**Work to be completed**:
Could you repeat, word for word, the line with "2026 Land Rover" and every line after it in the records below, leaving out any pictures?

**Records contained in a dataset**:

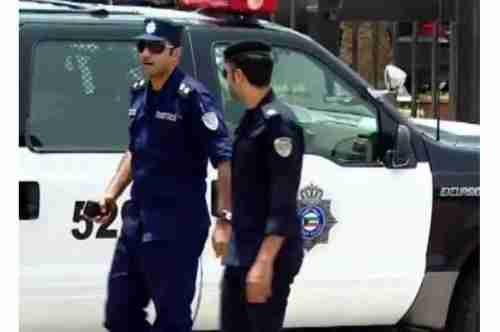 الكويت تلقي القبض على عسكري سعودي حاول تهريب شخص في سيارته 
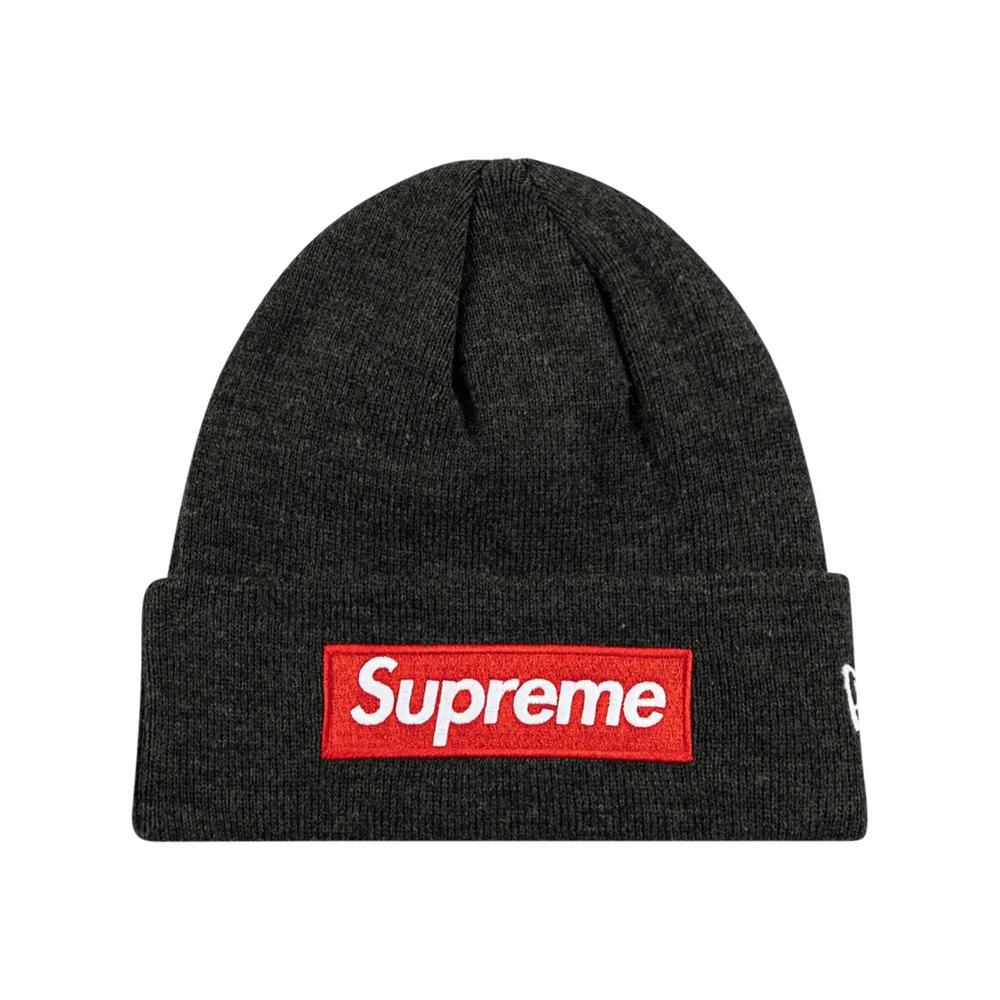 Шапка бини с логотипом из коллаборации с New Era 1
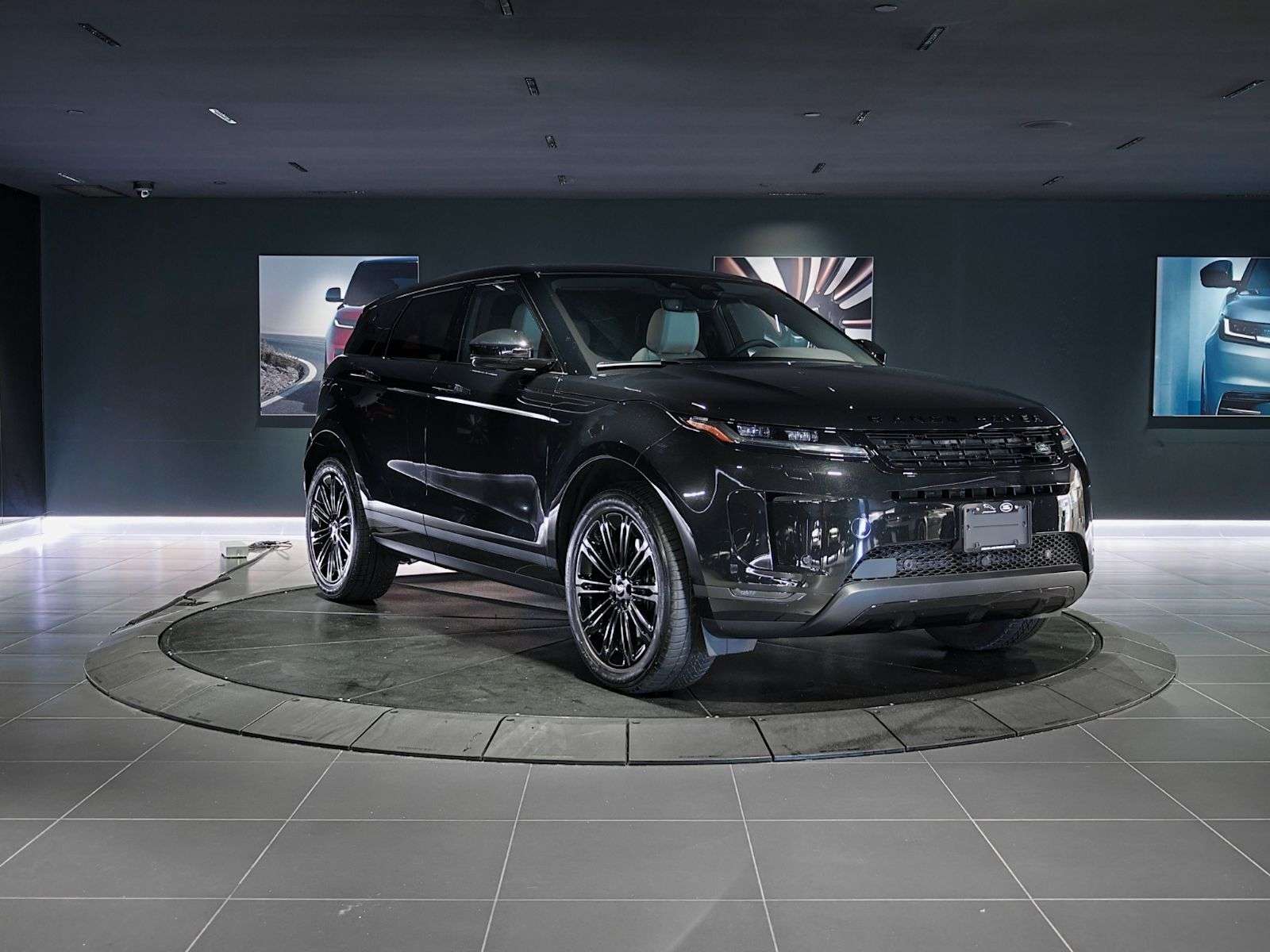 2026 Land Rover Range Rover Evoque S | Sunroof | Navigation | Bluetooth | Heated Seat — снимка 1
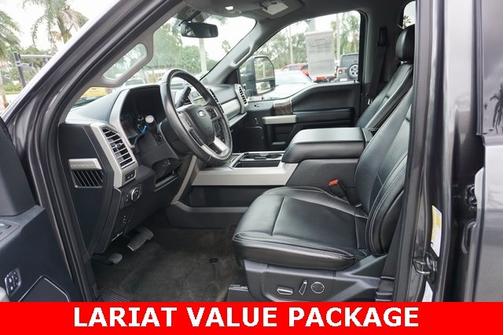 2017 Ford F-350 LARIAT SUPER DUTY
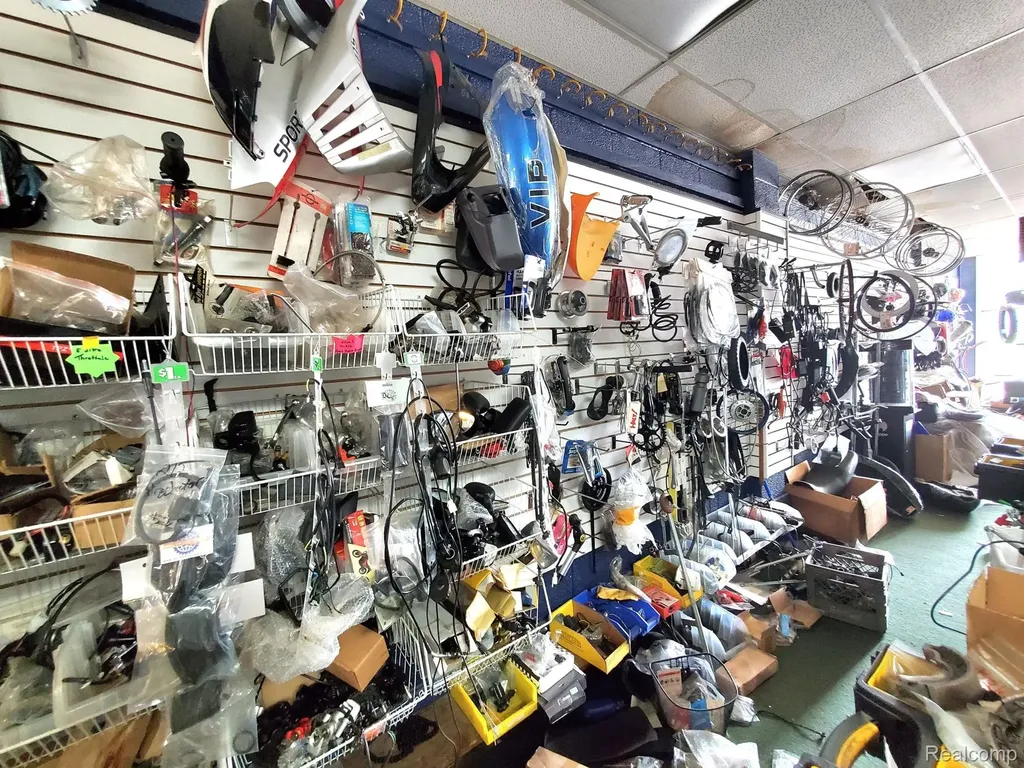 3123 S Wayne Road Wayne City MI 48184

**Exercise response**:
 2026 Land Rover Range Rover Evoque S | Sunroof | Navigation | Bluetooth | Heated Seat — снимка 1
 2017 Ford F-350 LARIAT SUPER DUTY
 3123 S Wayne Road Wayne City MI 48184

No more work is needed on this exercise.